This forum seems to me to be one of the most knowledgeable groups on software development, so if you guys can't help me on this, I must be doing research, not development...

Please bear with me, as I might take some time to elaborate on the nature of my problem.

I work at a large research-project that tracks language variations in a large number of people (couple of thousands) over a period of 30-50 years. During that period the project are only in contact with those people every 10-15 years, and they are under no obligation to inform us of changes of address, marital status etc.
However, those changes are rather important for the research we are doing, since locational and sociological changes may have an impact on the language variations we are looking at.

My job is to design a database that can store the information we do get, about the people, their locational and social status, and changes in those during the next 30-50 years.

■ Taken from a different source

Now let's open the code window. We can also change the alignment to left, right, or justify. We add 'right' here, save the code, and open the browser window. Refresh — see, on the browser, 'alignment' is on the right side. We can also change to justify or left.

How do I design a databasestructure to not only keep a list of changes, but also allow for rather 'loose' defined changes - eg a person may report during an interview that s/he married a couple of years back. It seems to me that a table of statusses and dates or even years, would be a bit too rigid, since I can't expect the data to be very precise.

And then there is searching - somehow I have to allow for searches for "women who in their twenties moved from rural to city and married after finishing college"... But in my infinite optimism I hope that the searches will avail themselves when I have a nice structure for my data...

I am not restricted to use plain relational databases, and I expect to have to develop a highly specialized user interface for the system, so even the wildest suggestions may prove valuable.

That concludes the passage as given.